Slowly opening his eyes, Ryu awoke from his slumber as a ray of sunshine brushed against his eyelids. Once he regained a sense of where he was, the wandering warrior rolled over and looked at the electronic clock on the dresser. 8:23 AM, Ryu muttered as he pushed himself off the bed only to fall on the floor to begin his morning exercises. Looks like I'm getting closer to usual wake-up time. For the past few days I've been sleeping past 9:00, and by that time the day has long since started.
Rolling over onto his back and beginning his set of stomach crunches, Ryu slowly went over the events of the previous day. After coming back from Ken's hotel and convincing him to provide the money for Moshe's wife (to Ryu's good fortune, Ken didn't need much coaxing as he was happy to do it), Ryu went grocery shopping with the list Chun-Li gave him acting as his guide. For someone in such amazing physical condition, Ryu noticed that she enjoyed a lot of sweets, as he found himself purchasing candies and cakes in addition to the usual assortment of fruits, vegetables, and dairy products that would be more suitable for martial artists of their caliber and conditioning.
When he returned from grocery shopping, he noticed that Chun-Li had another visitor from Japan: Ryu's old admirer Sakura Kasugano. Being that Ryu hadn't seen Sakura for several months, the two of them quickly went inside the school and caught up on what they had been up to since they last spoke. Ryu was already aware that Sakura had become a gym teacher, as the last time they met he had accidentally caught her in the middle of teaching her class, but he wasn't aware of Sakura's recent accolade as "Gym Teacher of the Year." Needless to say, Ryu was quite proud of Sakura's quick strides in her field.
For years she wanted me to become her sensei…and already she's earned renown as a better teacher than I could ever be, Ryu thought as he completed his fiftieth stomach crunch, immediately rolling over onto his belly before planting his hands on the ground and beginning the next part of his early routine: fifty push-ups. Just like Ken, Sakura has found her strength outside of the world of fighting, and she's thriving because of it.

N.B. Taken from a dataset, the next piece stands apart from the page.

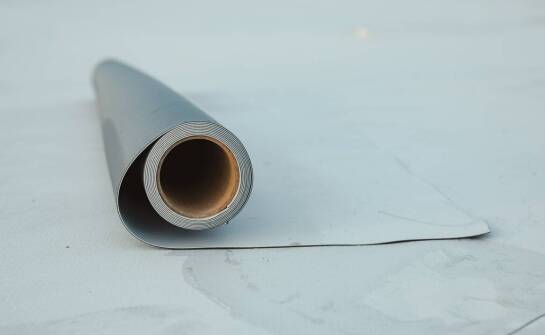 Jak dobrać odpowiednią PCV membranę do konkretnego projektu budowlanego?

The main reason Ryu didn't offer to formally teach Sakura all those years ago was because he didn't feel like he was worthy of being a teacher, especially with the Satsui no Hadou looming around him, threatening to consume him at a moment's notice. While his ability to contain the Satsui no Hadou had risen exponentially since then to a point where he no longer pays heed to its temptation, Ryu still didn't feel like he was worthy of being a sensei. There was still so much that he had to learn: if he was going to be a teacher, he would need confidence in his own knowledge before anything else.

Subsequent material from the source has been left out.